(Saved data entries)
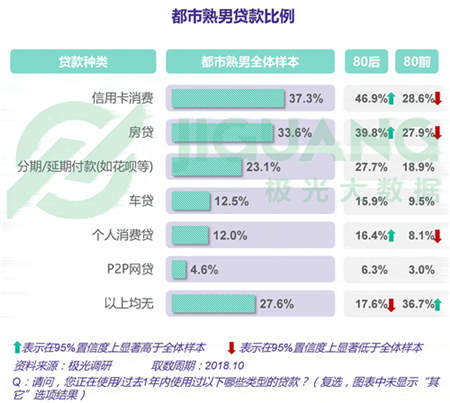 極光大數(shù)據(jù)：五成熟男處于亞健康，1/4有脫發(fā)問(wèn)題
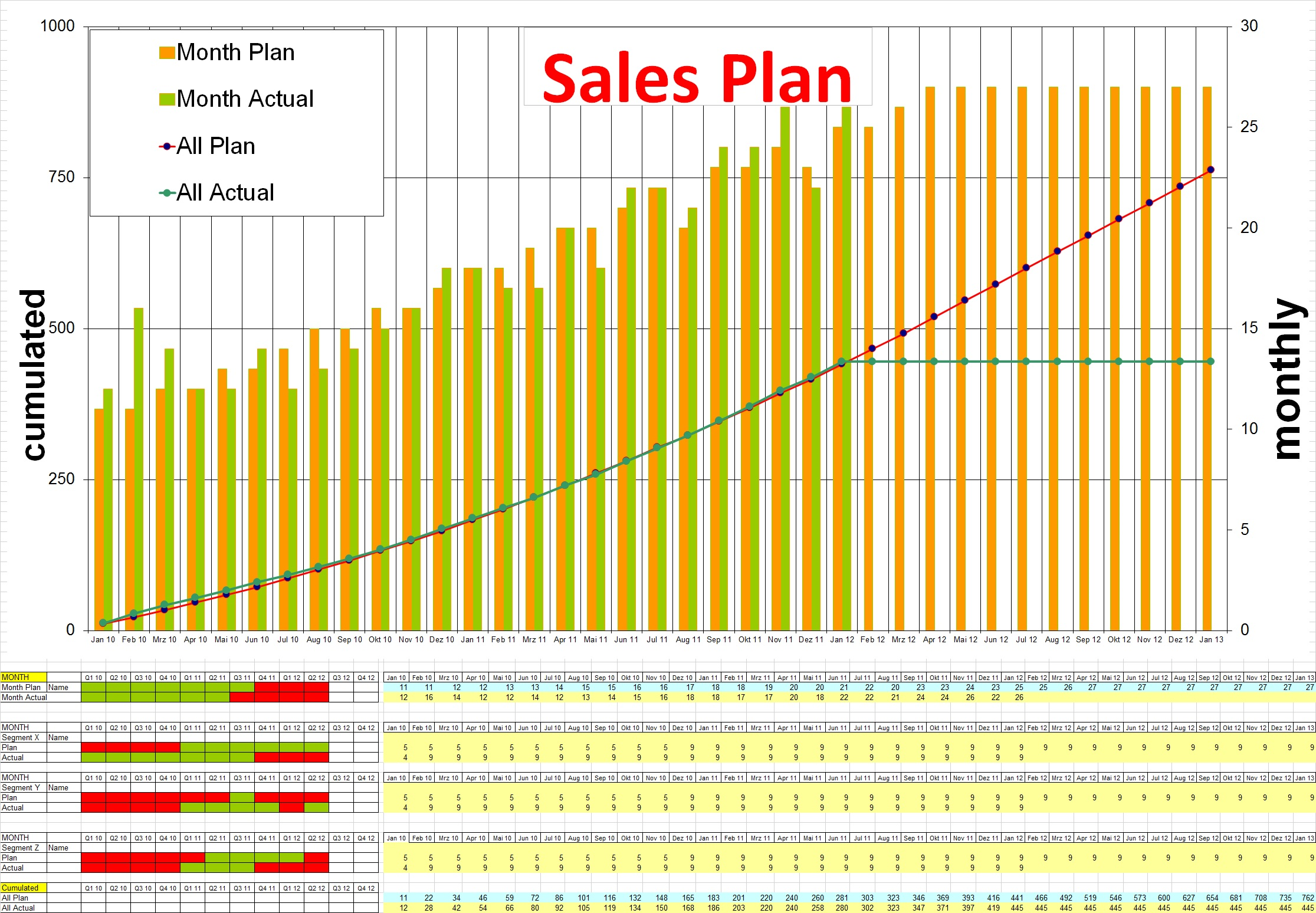LEGAT sales plan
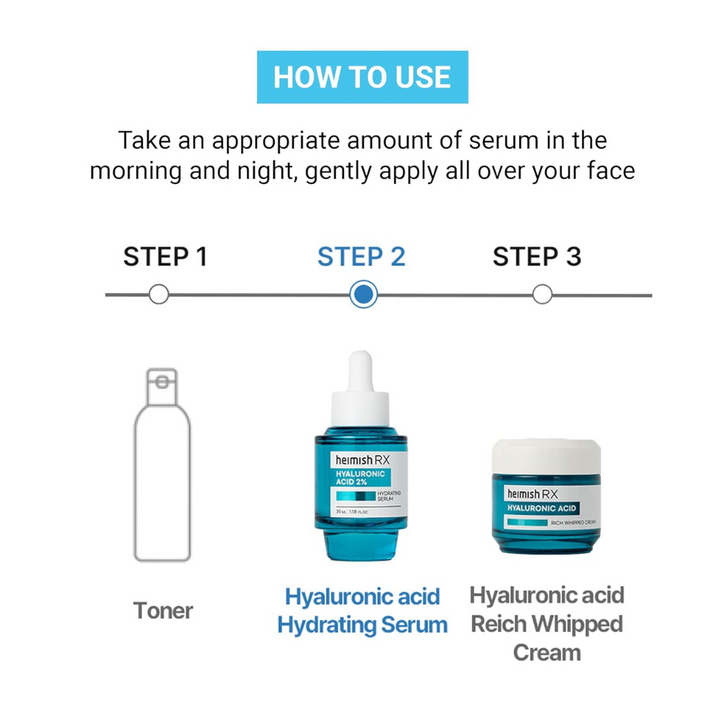 Heimish RX HYALURONIC ACID 2% HYDRATING SERUM 35ml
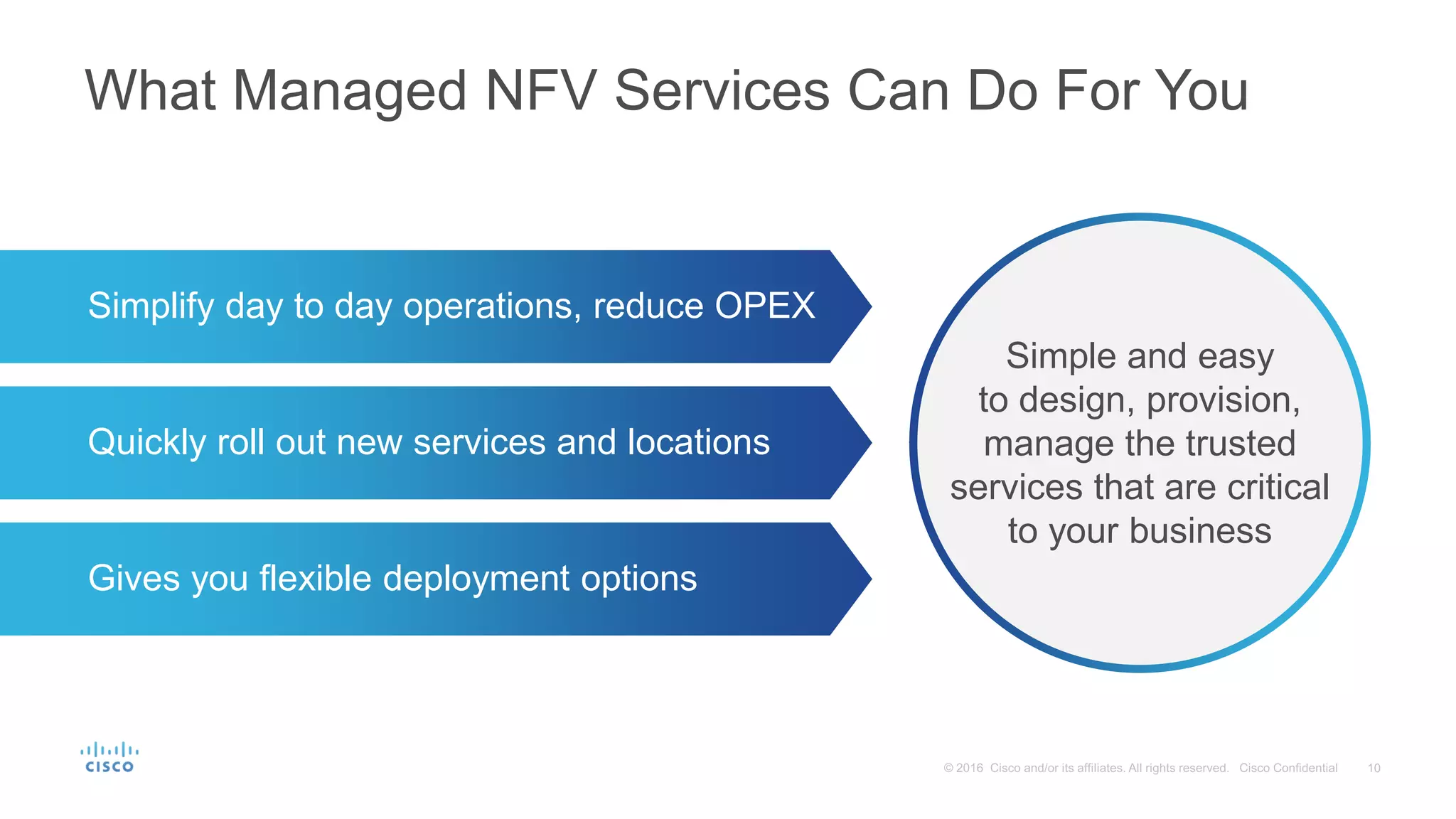 What Managed NFV Services Can Do For You
Quickly roll out new services and locations
Gives you flexible deployment options
Simplify day to day operations, reduce OPEX
Simple and easy
to design, provision,
manage the trusted
services that are critical
to your business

Work required. The span to print begins at the line containing "Gives you flexible deployment options" and ends at the final line of the entries; print it exactly and print nothing else.

Reply to the task.
Gives you flexible deployment options
Simplify day to day operations, reduce OPEX
Simple and easy
to design, provision,
manage the trusted
services that are critical
to your business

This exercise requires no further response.